- **RECORDS PROVIDED**
============

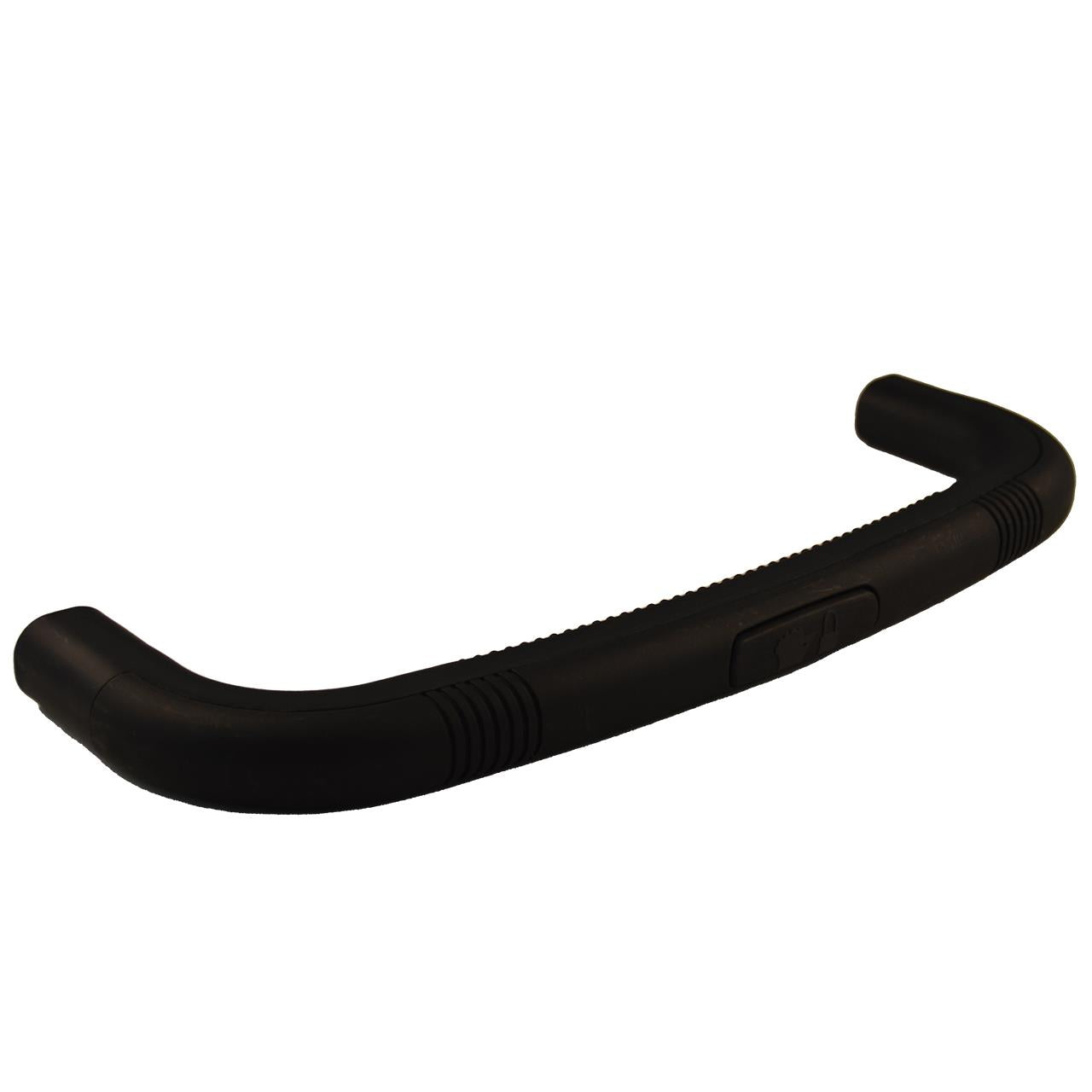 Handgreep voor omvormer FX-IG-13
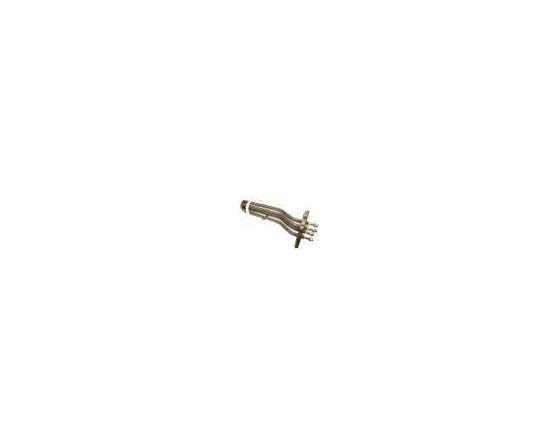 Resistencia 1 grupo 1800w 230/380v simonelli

============

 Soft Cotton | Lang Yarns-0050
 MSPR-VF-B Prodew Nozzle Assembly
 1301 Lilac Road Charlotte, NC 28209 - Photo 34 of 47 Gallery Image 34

============

Copy the lines above exactly, beginning at the line that has "MSPR-VF-B Prodew Nozzle Assembly" and stopping after the line that has "1301 Lilac Road", and omit the rest.

 MSPR-VF-B Prodew Nozzle Assembly
 1301 Lilac Road Charlotte, NC 28209 - Photo 34 of 47 Gallery Image 34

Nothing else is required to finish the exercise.